Conceptual design of a device to measure hand swelling in a micro-gravity environment

In the design of pressurized suits for use by astronauts in space, proper fit is an important consideration. One particularly difficult aspect of the suit design is the design of the gloves. If the gloves of the suit do not fit properly, the grip strength of the astronaut can be decreased by as much as fifty percent. These gloves are designed using an iterative process and can cost over 1.5 million dollars. Glove design is further complicated by the way the body behaves in a micro-gravity environment. In a micro-gravity setting, fluid from the lower body tends to move into the upper body. Some of this fluid collects in the hands and causes the hands to swell. Therefore, a pair of gloves that fit well on earth may not fit well when they are used in space.

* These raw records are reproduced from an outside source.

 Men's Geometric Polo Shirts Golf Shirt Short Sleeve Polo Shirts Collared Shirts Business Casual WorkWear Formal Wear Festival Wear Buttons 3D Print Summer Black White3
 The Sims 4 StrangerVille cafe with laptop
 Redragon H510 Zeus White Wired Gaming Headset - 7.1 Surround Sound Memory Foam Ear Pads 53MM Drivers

The conceptual design process for a device which can measure the swelling that occurs in the hands in a micro-gravity environment is described. This process involves developing a specifications list and function structure for the device and generating solution variants for each of the sub functions. The solution variants are then filtered, with the variants that violate any of the specifications being discarded. After acceptable solution variants are obtained, they are combined to form design concepts. These design concepts are evaluated against a set of criteria and the design concepts are ranked in order of preference. Through this process, the two most plausible design concepts were an ultrasonic imaging technique and a laser mapping technique. Both of these methods create a three dimensional model of the hand, from which the amount of swelling can be determined. In order to determine which of the two solutions will actually work best, a further analysis will need to be performed.